(Stored items from a collection)
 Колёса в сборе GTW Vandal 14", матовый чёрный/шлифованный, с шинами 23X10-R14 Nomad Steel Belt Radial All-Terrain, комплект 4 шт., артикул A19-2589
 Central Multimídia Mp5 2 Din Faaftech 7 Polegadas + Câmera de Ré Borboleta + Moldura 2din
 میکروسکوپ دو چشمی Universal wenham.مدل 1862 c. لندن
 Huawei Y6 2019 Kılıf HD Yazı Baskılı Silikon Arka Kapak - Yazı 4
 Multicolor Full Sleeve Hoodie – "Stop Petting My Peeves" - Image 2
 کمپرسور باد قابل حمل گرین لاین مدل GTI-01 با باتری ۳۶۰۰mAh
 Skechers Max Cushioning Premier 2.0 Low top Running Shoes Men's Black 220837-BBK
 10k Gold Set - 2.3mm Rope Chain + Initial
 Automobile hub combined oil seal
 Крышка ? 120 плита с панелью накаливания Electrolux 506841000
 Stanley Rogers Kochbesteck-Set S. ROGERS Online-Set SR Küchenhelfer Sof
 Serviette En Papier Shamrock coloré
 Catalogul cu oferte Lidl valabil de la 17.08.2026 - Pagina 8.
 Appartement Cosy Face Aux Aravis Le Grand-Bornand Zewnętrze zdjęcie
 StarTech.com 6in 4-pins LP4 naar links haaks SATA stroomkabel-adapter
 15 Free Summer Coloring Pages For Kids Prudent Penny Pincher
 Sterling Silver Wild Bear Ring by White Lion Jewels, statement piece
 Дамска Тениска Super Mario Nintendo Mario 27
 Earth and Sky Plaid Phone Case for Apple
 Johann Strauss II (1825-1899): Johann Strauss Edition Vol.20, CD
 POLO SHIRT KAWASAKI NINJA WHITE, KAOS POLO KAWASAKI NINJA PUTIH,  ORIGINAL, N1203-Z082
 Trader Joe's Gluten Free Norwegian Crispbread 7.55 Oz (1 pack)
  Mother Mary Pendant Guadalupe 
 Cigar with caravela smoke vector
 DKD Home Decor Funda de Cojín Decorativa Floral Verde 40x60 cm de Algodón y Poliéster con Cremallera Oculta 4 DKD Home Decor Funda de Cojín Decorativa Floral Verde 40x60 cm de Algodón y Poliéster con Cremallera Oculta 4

| What you will do |
The required output is every line above from the one with "Крышка ? 120" down to the one with "Johann Strauss II", restated word for word, ends included.

| Completed task |
 Крышка ? 120 плита с панелью накаливания Electrolux 506841000
 Stanley Rogers Kochbesteck-Set S. ROGERS Online-Set SR Küchenhelfer Sof
 Serviette En Papier Shamrock coloré
 Catalogul cu oferte Lidl valabil de la 17.08.2026 - Pagina 8.
 Appartement Cosy Face Aux Aravis Le Grand-Bornand Zewnętrze zdjęcie
 StarTech.com 6in 4-pins LP4 naar links haaks SATA stroomkabel-adapter
 15 Free Summer Coloring Pages For Kids Prudent Penny Pincher
 Sterling Silver Wild Bear Ring by White Lion Jewels, statement piece
 Дамска Тениска Super Mario Nintendo Mario 27
 Earth and Sky Plaid Phone Case for Apple
 Johann Strauss II (1825-1899): Johann Strauss Edition Vol.20, CD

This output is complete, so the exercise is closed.